To test that hypothesis, the investigators charted viral loads over time in the HIV Outpatient Study (HOPS), starting with the first viral load recorded on or after January 1, 2000 and ending with the last viral load recorded on or before December 31, 2014. Study participants made at least 2 HOPS visits and had at least 2 viral load measures at least 30 days apart during the study period. The primary outcome was percent of person-time with a viral load above 1500 copies, calculated as each person's number of days with a viral load above 1500 relative to the total number of observation days for that person. The researchers used generalized estimating equations to calculate this outcome, as well as trends per year in five 3-year periods (2000-2002, 2003-2005, 2006-2008, 2009-2011, 2012-2014)
 
The analysis involved 5873 people with a median follow-up of 5.4 years. The group spent 86% of observation time on antiretroviral therapy (ART). During the study period, these people spent 74% of their time on ART with a viral load at or below 1500 copies, 13% of their time on ART with a load above 1500, 9% of their time not on ART with a viral load above 1500, and 4% of their time not on ART with a viral load at or below 1500. Cohort members had a median of 15 viral load measures collected every 3.6 months.
 
Percent of time with a viral load above 1500 copies fell over the study period, dropping from 37% in 2000 to 10% in 2014 (P < 0.01). With the analysis restricted to people on ART, time with a viral load above 1500 copies waned from 32% in 2000 to 7% 2014 (P < 0.01).
 
Overall, the study group spent 24% of the observation period with a viral load above 1500. That proportion was higher in people under 35 years old (32%) than in 35- to 49-year-olds (24%) and people 50 or older (16%). Women spent more time with a 1500-plus load than men (31% versus 22%), and blacks spent more time above 1500 (33%) than Hispanics (24%), whites (20%), or other racial/ethnic groups (19%). Percent of time above 1500 copies also differed by HIV risk (heterosexual female 31%, heterosexual male 26%, men who have sex with men 21%), insurance status (public 31%, private 21%), and baseline ART status (naive 29%, experienced 23%).
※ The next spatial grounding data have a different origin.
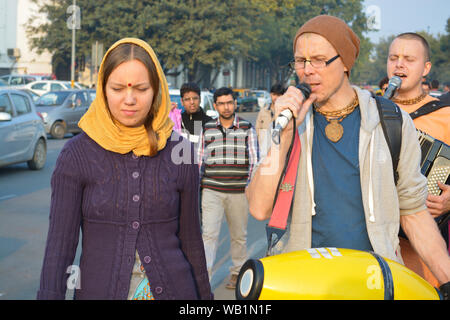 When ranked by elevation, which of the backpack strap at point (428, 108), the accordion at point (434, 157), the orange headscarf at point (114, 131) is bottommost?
the accordion at point (434, 157)

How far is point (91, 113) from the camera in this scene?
264 centimetres

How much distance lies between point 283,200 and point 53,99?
20.2m

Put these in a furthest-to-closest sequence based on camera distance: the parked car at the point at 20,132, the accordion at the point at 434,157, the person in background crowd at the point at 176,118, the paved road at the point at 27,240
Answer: the parked car at the point at 20,132 < the person in background crowd at the point at 176,118 < the paved road at the point at 27,240 < the accordion at the point at 434,157

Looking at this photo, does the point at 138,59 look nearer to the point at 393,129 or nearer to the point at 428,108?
the point at 393,129

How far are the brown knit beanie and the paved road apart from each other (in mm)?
3384

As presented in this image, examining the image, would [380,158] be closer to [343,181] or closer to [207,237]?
[343,181]

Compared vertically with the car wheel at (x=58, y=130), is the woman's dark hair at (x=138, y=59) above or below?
above

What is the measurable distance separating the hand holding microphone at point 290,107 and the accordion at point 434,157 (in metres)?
1.21

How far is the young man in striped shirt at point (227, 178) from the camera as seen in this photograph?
6.12 m

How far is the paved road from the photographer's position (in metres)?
5.73

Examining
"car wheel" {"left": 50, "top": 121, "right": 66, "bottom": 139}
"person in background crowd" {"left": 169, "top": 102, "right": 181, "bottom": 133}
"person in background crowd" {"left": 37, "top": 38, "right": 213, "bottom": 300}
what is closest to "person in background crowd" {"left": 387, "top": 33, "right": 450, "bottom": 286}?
"person in background crowd" {"left": 37, "top": 38, "right": 213, "bottom": 300}

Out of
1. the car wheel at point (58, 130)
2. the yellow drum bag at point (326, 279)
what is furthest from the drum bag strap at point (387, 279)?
the car wheel at point (58, 130)

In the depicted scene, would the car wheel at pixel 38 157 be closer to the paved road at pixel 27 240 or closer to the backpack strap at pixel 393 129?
the paved road at pixel 27 240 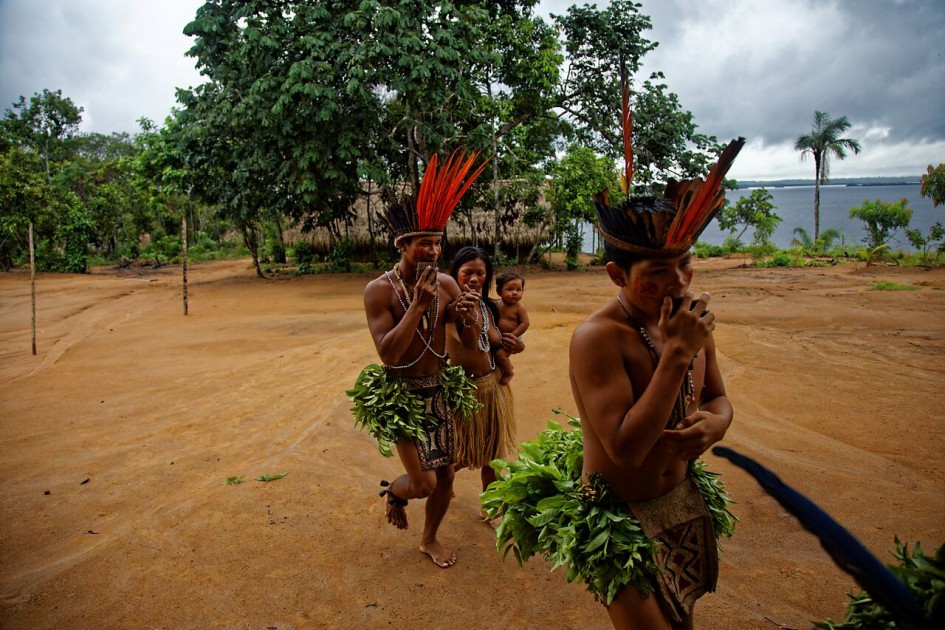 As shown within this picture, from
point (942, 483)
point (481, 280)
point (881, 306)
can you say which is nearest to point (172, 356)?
point (481, 280)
Over the 5 study periods, percent of time above 1500 copies dropped steadily in people taking a protease inhibitor regimen, a nonnucleoside regimen, an integrase inhibitor regimen, or any other regimen.
 
In multivariable regression analysis,* every later calendar year was associated with lower percent time spent above 1500 copies (adjusted rate ratio [aRR] 0.91, 95% confidence interval [CI] 0.90 to 0.91). In the same analysis, 7 factors were independently associated with more percent time above 1500 copies:
 
-- Baseline viral load above 1500: aRR 2.25, 95% CI 2.10 to 2.41
-- Baseline CD4 count below 350 (vs 500+): aRR 1.16, 95% CI 1.09 to 1.24
-- No ART (vs on ART): aRR 3.48, 95% CI 3.30 to 3.67
-- Younger than 35 (vs 50+): aRR 1.50, 95% CI 1.36 to 1.65
-- 35 to 49 years old (vs 50+): aRR 1.35, 95% CI 1.23 to 1.48
-- Public insurance (vs private): aRR 1.24, 95% CI 1.17 to 1.32
-- Black (vs white): aRR 1.19, 95% CI 1.12 to 1.27
 
The researchers suggest earlier ART and improved regimens contribute to the falling proportion of time spent with a viral load above 1500 copies. They call for continued efforts to address time spent above 1500 copies in identified risk groups, including younger people, blacks, people who rely on public insurance, and people with higher baseline viral load or lower baseline CD4 count.
 
*In the multivariate regression analysis, calendar year and ART use are time-updated, while all other variables are measured at baseline.
 
References
 
1. Buchacz K, Mendoza M, Armon C, et al. Time spent with HIV viral load >1500 copies/mL among patients in HIV care, 2000-2014. Conference on Retroviruses and Opportunistic Infections (CROI), February 13-16, 2017, Seattle. Abstract 32.
 
2. Skarbinski J, Rosenberg E, Paz-Bailey G, et al. Human immunodeficiency virus transmission at each step of the care continuum in the United States. JAMA Intern Med. 2015;175:588-596.